Single by Clout

from the album Substitute
- B-side: "When Will You Be Mine"
- Released: November 1977 (SA) June 1978;
- Length: 3:28
- Label: Sunshine Records Production
- Songwriter: Willie Harry Wilson
- Producer: Grahame Beggs

Clout singles chronology
| "Since You've Been Gone" (1977) | "Substitute" (1977) | "You've Got All of Me" (1978) |

Official audio
- "Substitute" at TopPop on YouTube

= Substitute (The Righteous Brothers song) =

"Substitute" is a song by Willie H. Wilson, recorded first by the Righteous Brothers and released as a single from their album The Sons of Mrs.
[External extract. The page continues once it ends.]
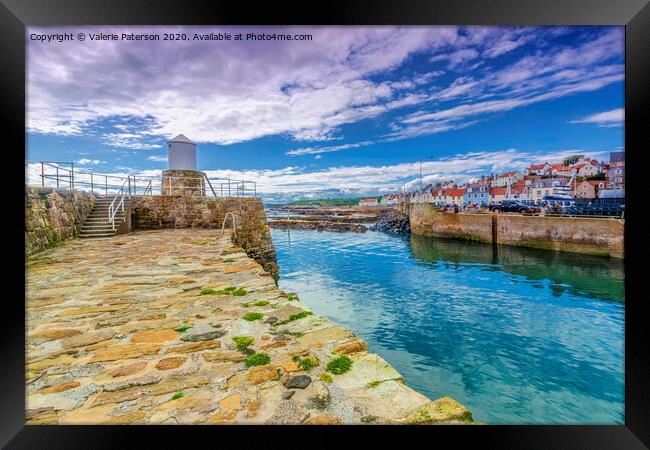 Pittenweem Harbour Mouth Framed Print by Valerie Paterson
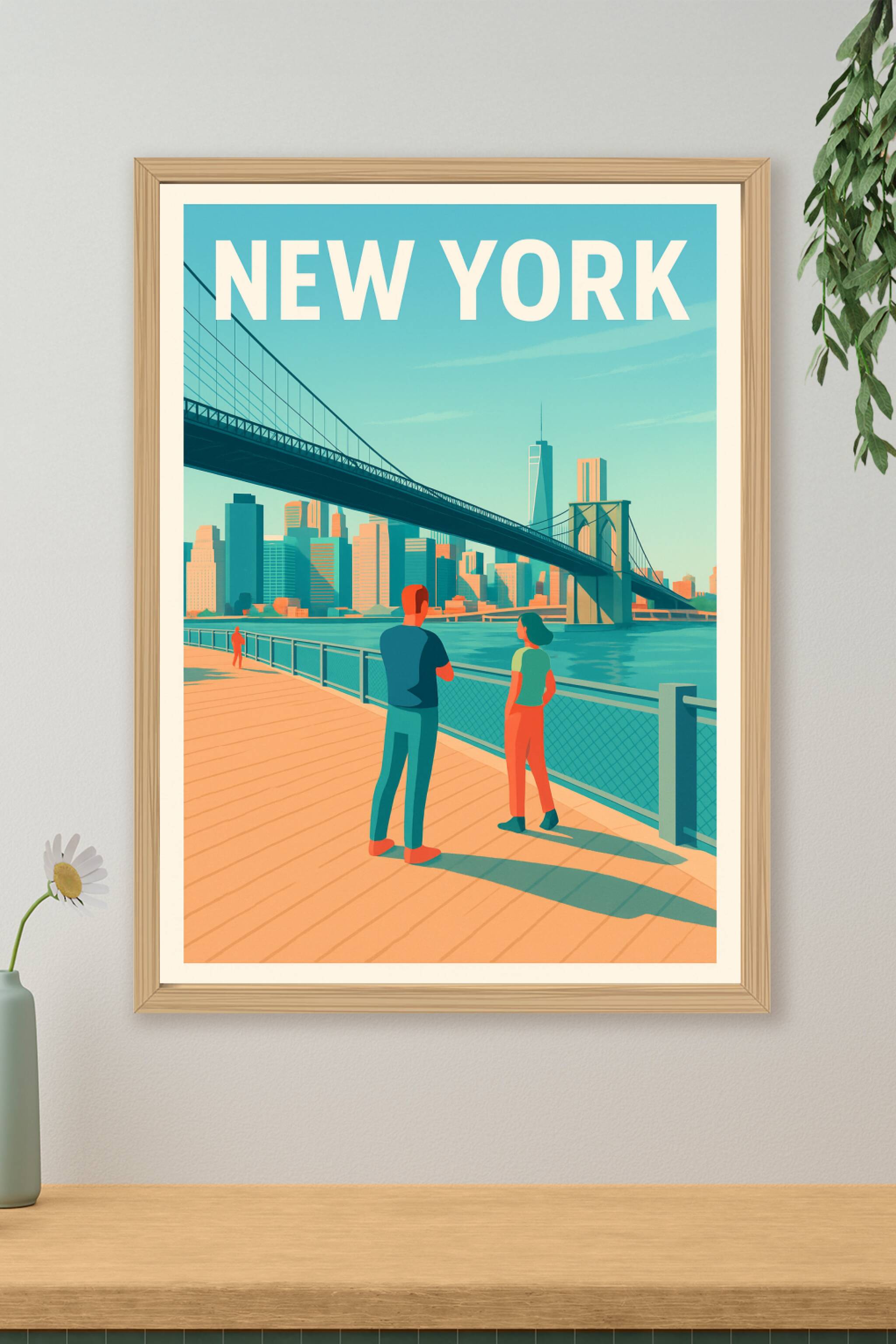 Affiche de New York - Une balade au bord de l'eau sous le pont de Brooklyn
Righteous in 1975. A 1978 version by the South African all-female band Clout was a global hit.

==Clout version==
In 1978, the song became a big hit for the South African band Clout, reaching No. 2 in the UK charts in August and being certified Gold by the BPI. It fared even better in the rest of Europe, Africa and Oceania where it reached No. 1 in Germany, Ireland, New Zealand and South Africa, as well as No. 2 in Belgium, the Netherlands and Switzerland. It fared exceptionally well on the annual charts too, reaching the Top 20 on the final year-end singles charts in the Netherlands, New Zealand, South Africa, Switzerland and the UK. This version was produced by Grahame Beggs.

===Track listing===
1. "Substitute" (W.H. Wilson) – 3:28
2. "When Will You Be Mine" (Carolyne Martin) – 2:59

===Charts===

====Weekly charts====

| Chart (1978) | Peak position |
|---|---|
| Australia (Kent Music Report) | 12 |
| Austria (Ö3 Austria Top 40) | 10 |
| Belgium (Ultratop 50 Flanders) | 2 |
| Canada Top Singles (RPM) | 86 |
| France (IFOP) | 16 |
| Ireland (IRMA) | 1 |
| Netherlands (Dutch Top 40) | 2 |
| Netherlands (Single Top 100) | 2 |
| New Zealand (Recorded Music NZ) | 1 |
| South Africa (Springbok Radio) | 1 |
| Sweden (Sverigetopplistan) | 13 |
| Switzerland (Schweizer Hitparade) | 2 |
| UK Singles (OCC) | 2 |
| US Billboard Hot 100 | 67 |
| US Billboard Adult Contemporary | 35 |
| US Cash Box | 52 |
| West Germany (GfK) | 1 |

====Year-end charts====

| Chart (1978) | Rank |
|---|---|
| Australia (Kent Music Report) | 77 |
| Belgium (Ultratop 50 Flanders) | 22 |
| Netherlands (Single Top 100) | 13 |
| New Zealand (Recorded Music NZ) | 15 |
| South Africa (Springbok Radio) | 2 |
| Switzerland (Schweizer Hitparade) | 11 |
| UK Singles (OCC) | 2 |
| West Germany (Official German Charts) | 38 |

===Sales and certifications===

| Region | Certification | Certified units/sales |
|---|---|---|
| Belgium | — | 60,000 |
| France | — | 400,000 |
| Netherlands | — | 100,000 |
| United Kingdom (BPI) | Gold | 600,000 |

==Other versions==
- Australian group Peaches also charted locally at the same time, peaking at number 15 on the Australian chart.
- Gloria Gaynor in 1978 (U.S. #107) and by Polish-Swedish singer and actor Izabella Scorupco in 1990.